Just saw it, I immediately came to the conclusion that Iron Man is an ESTP. He goes by impulse to attack, rather than thinking it through and going with the team, he has a problem following orders. I could see a lot of him in myself. Anyway, I loved it. I don't make it a point to see comic book hero movies, I did see the original Spider Man, with Toby Maguire, in theaters, and I'm a huge Tim Burton and Batman fan, and I saw both Batman, and, Batman returns. I think I'll see the Iron Man series now.


----------



## instruMENTAL (Nov 20, 2011)

I loved Phil's obsession with Captain America. "I mean...I was present when you were unconscious..."


----------



## Agent Blackout (Mar 1, 2012)

duck_of_death said:


> who else is excited about this?


*it was awesome!!*


----------



## xEmilyx (Jan 3, 2011)

watched it. best movie ever


----------



## Coldspot (Nov 7, 2011)

This was the best anyone could have hoped for, well done. It also has all the superhero team-up action pieces in there.


----------



## 7rr7s (Jun 6, 2011)

If I was a superhero, I'd probably be Ironman. Billionare playboy who kicks ass on the side. That or Bruce Wayne.


----------



## Duck_of_Death (Jan 21, 2011)

Ugh. Horrible trade-off.

Iron Man has that goofy arc reactor in his chest preventing the shrapnel from entering his heart.
Alcoholic and self-destructive. Okay. He's probably the closest to me now that I think about it.

Bruce Wayne is..._mentally ill_...to say the least. And have you seen where he lives? 
Uh, uh. I'd take Captain America's frisbee throwing abilities (and cheesy costume) before those assholes.

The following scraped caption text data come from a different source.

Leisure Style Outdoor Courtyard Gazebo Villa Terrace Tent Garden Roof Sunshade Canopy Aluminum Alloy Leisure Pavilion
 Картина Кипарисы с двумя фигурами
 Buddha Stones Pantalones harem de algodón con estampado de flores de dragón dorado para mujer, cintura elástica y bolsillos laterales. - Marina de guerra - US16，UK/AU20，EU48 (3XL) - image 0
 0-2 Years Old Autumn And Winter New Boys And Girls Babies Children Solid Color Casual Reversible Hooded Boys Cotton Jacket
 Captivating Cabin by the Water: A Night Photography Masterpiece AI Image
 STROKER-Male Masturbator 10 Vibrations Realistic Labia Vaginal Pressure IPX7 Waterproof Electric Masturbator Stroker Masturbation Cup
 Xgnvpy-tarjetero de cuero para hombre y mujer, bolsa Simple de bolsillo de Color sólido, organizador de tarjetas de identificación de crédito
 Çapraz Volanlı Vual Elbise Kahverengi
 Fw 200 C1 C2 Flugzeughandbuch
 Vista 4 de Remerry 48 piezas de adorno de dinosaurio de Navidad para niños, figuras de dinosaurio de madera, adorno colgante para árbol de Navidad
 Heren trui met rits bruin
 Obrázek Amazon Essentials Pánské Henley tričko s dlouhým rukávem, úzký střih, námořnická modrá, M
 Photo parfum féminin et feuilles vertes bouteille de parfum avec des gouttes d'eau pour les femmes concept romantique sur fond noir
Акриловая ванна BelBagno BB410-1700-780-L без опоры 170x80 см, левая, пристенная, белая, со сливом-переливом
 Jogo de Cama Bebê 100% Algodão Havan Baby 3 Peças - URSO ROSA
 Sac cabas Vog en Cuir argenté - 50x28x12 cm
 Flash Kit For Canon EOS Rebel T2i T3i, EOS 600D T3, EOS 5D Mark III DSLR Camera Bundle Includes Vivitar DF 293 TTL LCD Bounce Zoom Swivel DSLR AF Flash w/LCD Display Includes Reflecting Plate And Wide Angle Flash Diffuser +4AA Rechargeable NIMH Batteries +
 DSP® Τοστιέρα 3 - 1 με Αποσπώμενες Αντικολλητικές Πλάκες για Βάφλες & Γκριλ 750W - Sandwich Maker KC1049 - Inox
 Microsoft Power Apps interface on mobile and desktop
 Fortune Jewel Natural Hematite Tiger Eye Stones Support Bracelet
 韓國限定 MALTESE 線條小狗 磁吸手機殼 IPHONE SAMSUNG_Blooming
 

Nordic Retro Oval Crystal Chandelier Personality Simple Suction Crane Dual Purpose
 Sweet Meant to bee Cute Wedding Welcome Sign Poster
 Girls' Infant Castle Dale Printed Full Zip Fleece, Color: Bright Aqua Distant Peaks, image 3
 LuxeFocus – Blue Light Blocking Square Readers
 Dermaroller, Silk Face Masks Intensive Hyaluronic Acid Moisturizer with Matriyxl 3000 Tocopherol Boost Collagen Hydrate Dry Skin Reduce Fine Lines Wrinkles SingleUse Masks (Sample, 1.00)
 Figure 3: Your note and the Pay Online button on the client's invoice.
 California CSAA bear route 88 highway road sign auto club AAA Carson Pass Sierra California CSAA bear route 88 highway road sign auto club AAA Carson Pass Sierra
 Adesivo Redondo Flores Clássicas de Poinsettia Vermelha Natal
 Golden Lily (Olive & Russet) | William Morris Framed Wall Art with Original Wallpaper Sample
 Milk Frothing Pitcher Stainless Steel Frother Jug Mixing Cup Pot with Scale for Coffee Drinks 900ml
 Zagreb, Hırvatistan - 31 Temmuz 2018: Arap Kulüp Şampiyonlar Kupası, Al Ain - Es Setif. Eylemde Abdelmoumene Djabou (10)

I'd definitely go with Thor, though. 
Model handsome looks, you can teleport between dimensions, wield a huge hammer.
You get to effortlessly bang Natalie Portman, too.

Hell. That would give anybody superpowers on its own.


----------



## flicker099 (Apr 27, 2012)

Loved the movie it was fun to watch! I didn't feel like I was sitting there for two and a half hours because it was so action-packed!

My favorite character was Captain America!


----------